While he admits their families would have preferred two or three years to prepare rather than 365 days, they marked their calendars and dove in headfirst.
“We had to push hard to get everything done,” Logan adds, now chuckling at the fact that those corrals and display pens weren’t finalized until two weeks prior to the event.
But construction wasn’t the only preparation necessary. In the past, the operation had never needed a marketing plan. An even bigger challenge was that no one in the family had planned an event like this before. Cassi realized there was just one thing to do: pray.
And pray a lot.
“You’re never really ready, right?” she told the family. “You either do it, or you don’t.”
So, they did.
The first step was to assemble a team: managers, auctioneers, communication specialists and more. In the months leading up to sale day, a website was developed, lot pictures taken, a sale book put together and mailed out.
The only thing left to do was plan for the day.
“We were stressed out for sure, with it being our first one,” Justin says. “We talked to a lot of the other breeders and took a lot of their advice as far as how the sale runs.”
That advice paid off. They welcomed guests the morning of the auction with a breakfast before selling 72 registered Angus bulls.
Raelin says the family is grateful for customers and mentors as they look back on that inaugural event. It is thanks to the input of others that they’re able to make the sale an annual tradition, she adds.
Learning from others isn’t new to the Allen brothers, however. It’s a trend they’re proud to say stretches throughout not just their careers as cattlemen, but their entire lives.
Their father has always been a source of knowledge, and friends of generations past remember the Allen name from their grandfather and have reached out to support the newest of the family to enter the cattle industry.
“This is a big ranching community, and my grandpa had a good reputation,” Justin says. “He knew a lot of people and was a really good man.”
It’s their grandfather who’s responsible for the hearts Justin and Logan have for cattle. The brothers aren’t just businessmen, they’re true cattlemen.

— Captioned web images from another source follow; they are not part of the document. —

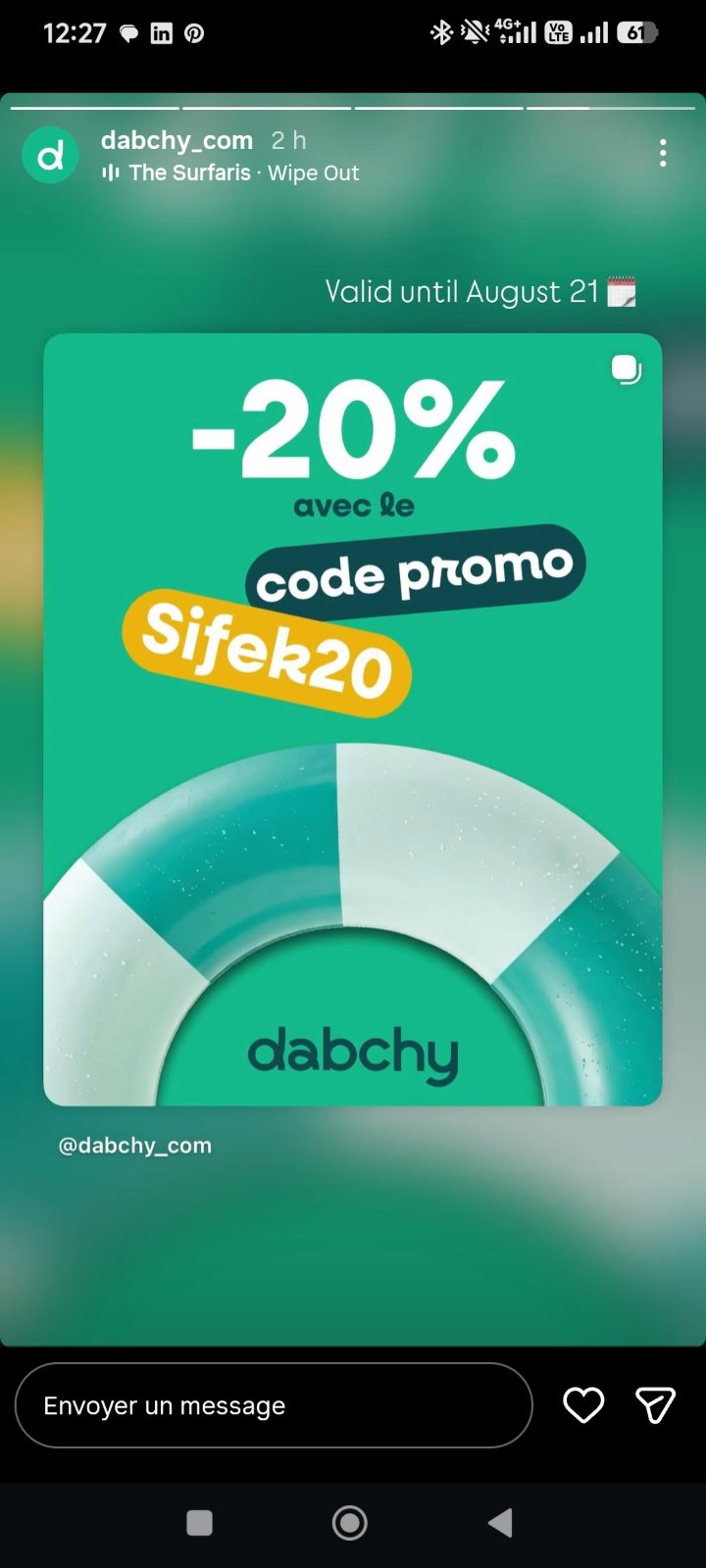Code promo 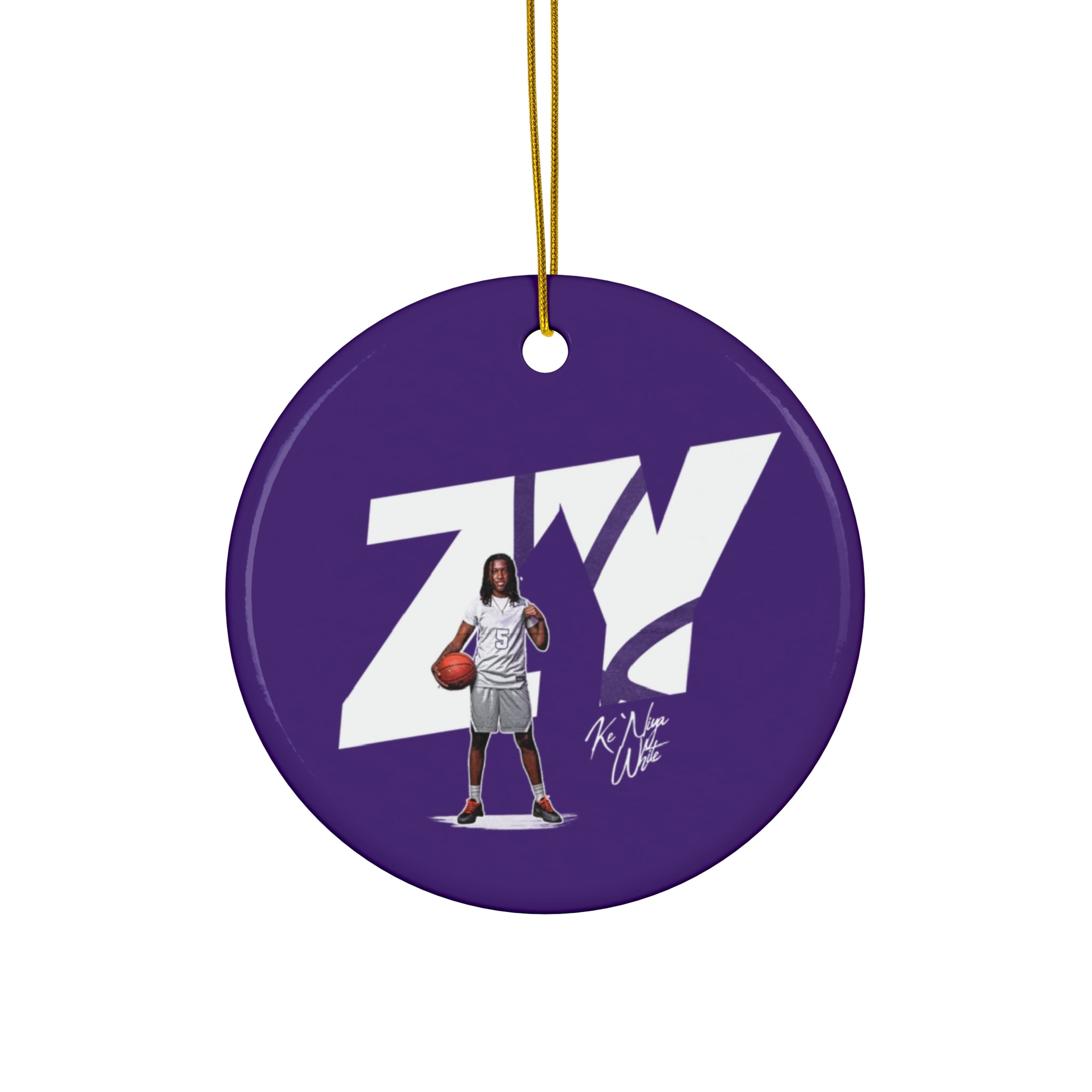 Ke'Niya White Ceramic Ornament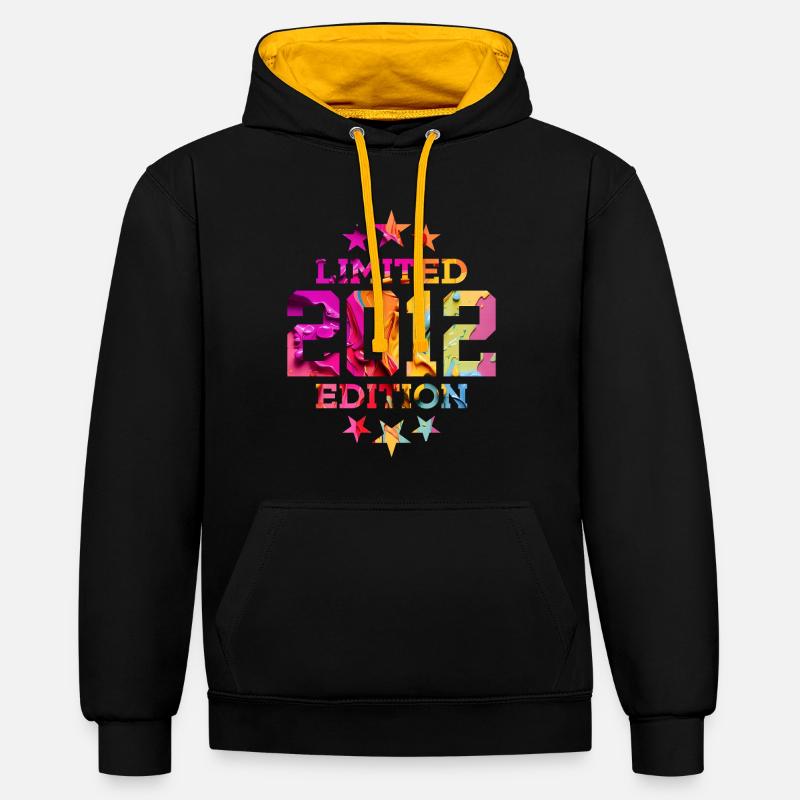 ÉDITION LIMITÉE 2012 14E ANNIVERSAIRE - Sweat à capuche contrasté - noir/or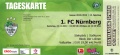 Eintrittskarte zum ersten Derby in der 1. Bundesliga zwischen dem 1. FC Nürnberg und der <!--LINK'" 0:14--> (<!--LINK'" 0:15-->/<!--LINK'" 0:16-->).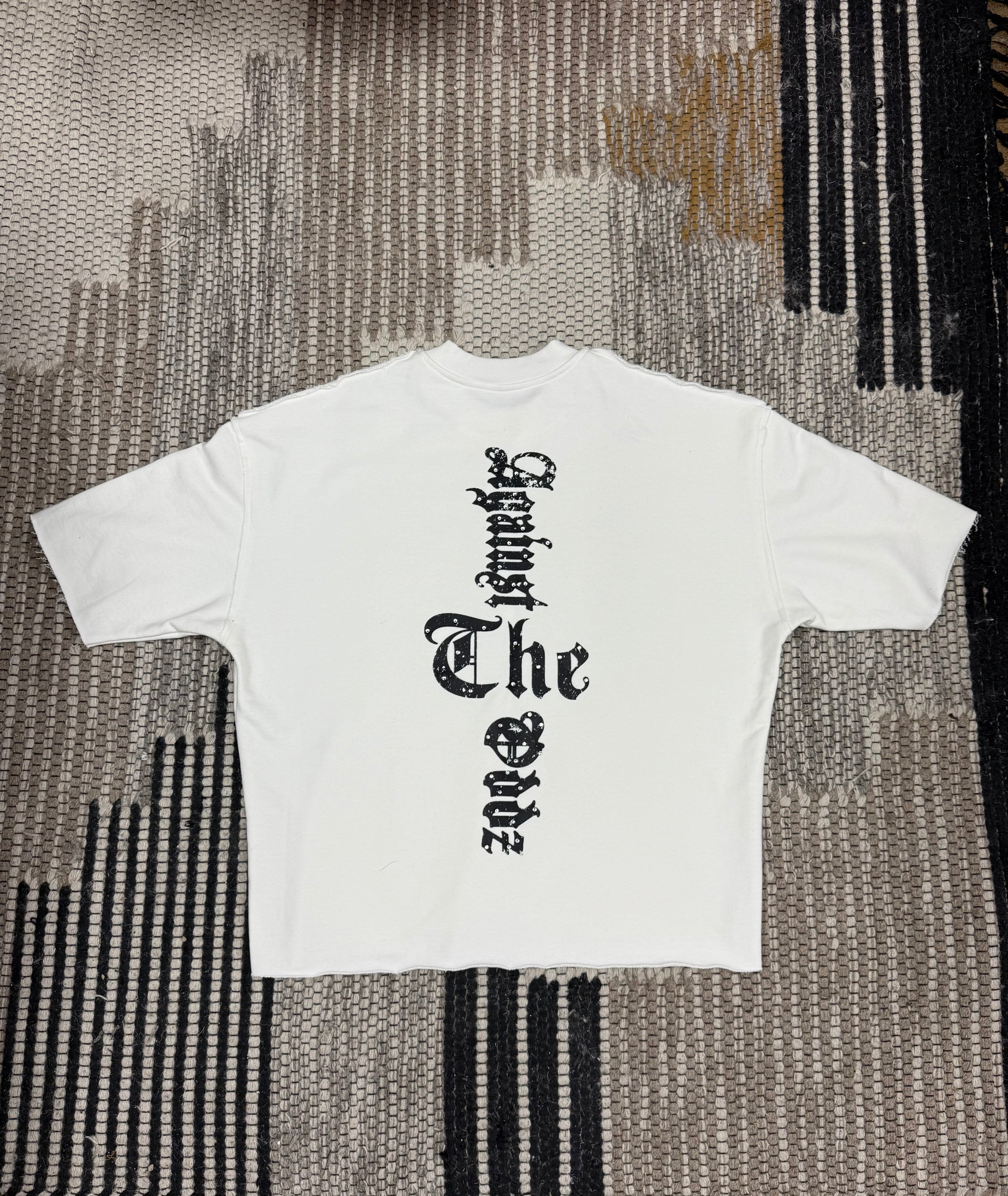 White MJ Silhouette TEE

“It’s not just about buying or selling bulls,” Logan says, thinking of the people who’ve invested in his family’s operation. “A lot of [customers] are our friends.”
Even prior to last year’s sale, the Allen brothers personally deliver bulls to buyers, for the simple truth that they love to catch up with the people who matter most to them. Throughout breeding season, Justin and Logan continue to pick up the phone and check on their customers.
It’s all part of a philosophy they learned while growing up: chase quality. In all that they’ve done, Justin says they’ve never tried to cut corners, and they’ve always thought long-term.
“There [are] a lot of easier ways to make money than cattle,” Justin admits. “I think it all starts with passion though … if we didn’t have a passion and love for the cattle, we would’ve failed for sure. When you’re passionate about something, it’s easy to work hard.”
The mindset takes grit, but the brothers wouldn’t have it any other way. It’s the way their grandpa used to do it, and it’s the way they’ll continue to do it.